Дворню вскоре выпустили из залы, бабы снова подняли прощальный вой, от которого иностранцы болезненно морщились. За гробом от Миллионной, где проживал Густав Бирон с семьей, до Лавры пошли только доверенные старшие слуги.
Прошка, парень лет 17, только по весне взятый из возвращенной из казны деревни Меншиковых за расторопность и сообразительность, на похороны не попал, и теперь маялся любопытством. Федотыч покосился на него: на юном лице, с первым пухом на румяных щеках, была написана такая безнадежность, что старик не утерпел, смягчился. Ему и раньше нравился Прошка, безотказный, веселый и хваткий к любой работе. К тому же он напоминал Федотычу его самого в молодости – был Прошка не по годам плечистым и рослым. Старик только ждал, когда сам парень не выдержит и первым заговорит. Ждать пришлось недолго.
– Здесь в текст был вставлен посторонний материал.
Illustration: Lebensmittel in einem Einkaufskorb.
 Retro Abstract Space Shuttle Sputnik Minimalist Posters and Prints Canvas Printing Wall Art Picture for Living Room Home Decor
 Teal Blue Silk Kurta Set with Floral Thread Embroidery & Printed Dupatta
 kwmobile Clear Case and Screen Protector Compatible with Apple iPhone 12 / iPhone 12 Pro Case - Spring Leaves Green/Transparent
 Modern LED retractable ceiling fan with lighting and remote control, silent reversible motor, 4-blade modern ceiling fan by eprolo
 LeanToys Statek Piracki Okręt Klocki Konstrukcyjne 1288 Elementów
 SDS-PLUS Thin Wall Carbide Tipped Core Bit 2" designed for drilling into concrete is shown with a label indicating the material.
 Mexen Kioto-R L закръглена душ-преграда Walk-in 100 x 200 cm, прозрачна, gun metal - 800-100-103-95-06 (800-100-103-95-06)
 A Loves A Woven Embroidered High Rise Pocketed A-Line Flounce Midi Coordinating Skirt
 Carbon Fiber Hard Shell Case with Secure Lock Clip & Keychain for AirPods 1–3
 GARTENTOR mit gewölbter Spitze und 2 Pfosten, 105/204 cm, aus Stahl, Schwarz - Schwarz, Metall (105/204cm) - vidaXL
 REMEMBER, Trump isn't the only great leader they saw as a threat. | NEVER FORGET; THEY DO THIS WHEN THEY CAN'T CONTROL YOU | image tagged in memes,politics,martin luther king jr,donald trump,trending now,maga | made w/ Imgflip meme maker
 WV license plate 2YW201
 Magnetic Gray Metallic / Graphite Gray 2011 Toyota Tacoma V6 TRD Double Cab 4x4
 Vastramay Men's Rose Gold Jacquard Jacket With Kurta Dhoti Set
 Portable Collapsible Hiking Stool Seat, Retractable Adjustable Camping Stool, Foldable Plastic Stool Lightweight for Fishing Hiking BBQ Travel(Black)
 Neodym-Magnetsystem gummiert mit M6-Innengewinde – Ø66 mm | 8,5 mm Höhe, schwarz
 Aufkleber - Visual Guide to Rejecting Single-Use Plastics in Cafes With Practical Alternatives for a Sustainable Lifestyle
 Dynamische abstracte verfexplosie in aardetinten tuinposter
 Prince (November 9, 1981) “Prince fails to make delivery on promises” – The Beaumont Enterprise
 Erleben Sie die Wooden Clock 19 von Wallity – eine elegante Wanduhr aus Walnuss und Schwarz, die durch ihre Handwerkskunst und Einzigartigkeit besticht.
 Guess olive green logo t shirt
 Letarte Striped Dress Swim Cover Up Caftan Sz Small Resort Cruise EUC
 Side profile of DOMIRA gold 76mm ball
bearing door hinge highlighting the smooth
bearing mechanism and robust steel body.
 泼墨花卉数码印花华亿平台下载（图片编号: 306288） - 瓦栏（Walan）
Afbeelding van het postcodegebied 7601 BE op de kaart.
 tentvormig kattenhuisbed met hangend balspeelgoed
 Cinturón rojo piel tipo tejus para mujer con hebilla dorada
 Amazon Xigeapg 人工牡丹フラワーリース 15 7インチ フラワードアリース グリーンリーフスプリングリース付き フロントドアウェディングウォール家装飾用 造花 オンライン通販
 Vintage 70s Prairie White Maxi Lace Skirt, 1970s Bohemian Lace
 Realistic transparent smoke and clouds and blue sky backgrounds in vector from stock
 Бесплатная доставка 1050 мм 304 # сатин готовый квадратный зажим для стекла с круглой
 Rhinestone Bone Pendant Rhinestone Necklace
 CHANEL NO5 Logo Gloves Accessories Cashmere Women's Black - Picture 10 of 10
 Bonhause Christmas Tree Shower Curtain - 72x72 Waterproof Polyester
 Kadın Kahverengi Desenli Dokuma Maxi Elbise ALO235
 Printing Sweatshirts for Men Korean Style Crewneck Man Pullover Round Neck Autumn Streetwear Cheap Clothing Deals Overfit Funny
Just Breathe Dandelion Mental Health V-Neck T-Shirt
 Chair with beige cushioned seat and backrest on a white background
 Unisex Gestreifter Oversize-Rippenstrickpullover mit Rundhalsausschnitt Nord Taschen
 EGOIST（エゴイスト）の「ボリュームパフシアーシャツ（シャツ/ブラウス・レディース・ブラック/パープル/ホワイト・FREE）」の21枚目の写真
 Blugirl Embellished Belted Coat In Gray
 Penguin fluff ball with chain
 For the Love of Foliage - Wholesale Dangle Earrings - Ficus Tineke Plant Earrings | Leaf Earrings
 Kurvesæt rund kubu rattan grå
– А… Неужто сама императрица хоронить нашу барыню приезжали?
Для порядка нахмурившись, Федотыч принялся рассказывать, что видел на правах старого, преданного слуги дома. Вскоре сам не заметил, как увлекся.
– Как не быть! Сама она, матушка императрица Анна Иоанновна, сосватала нашу Александру Александровну за теперешнего хозяина. Сама и посаженной матерью на свадьбе была, сама вот и в последний путь проводила…
Похороны знатные были. Как за ворота гроб вынесли, на открытую коляску поставили, богатым покрывалом накрыли. Следом кареты с провожающими поехали, целая вереница, конца-краю не видно. И гвардейцы весь поезд сопровождали… Чай, жена генерала, так положено ей по чину.
– А она, барыня наша, со мной разговаривала, весной еще – не удержался Прошка. Он испуганно отшатнулся, ожидая оплеухи за вольность, но старик не склонен был выходить из воспоминаний.
– Милостивая она была, голубушка… А уж хороша-то как, глаз не отвести! Сестра ее родная, старшая, с самим императором Петром II, или как его еще прозывали, Петром Малым, обручена была. Слыхал? Должно, мальцом ты еще был… А наша барыня, Александра Александровна, ничем не хуже ее, а, может, и красивее… В матушку обе красотой пошли, и личиком, и нравом. А чего тебе барыня говорила?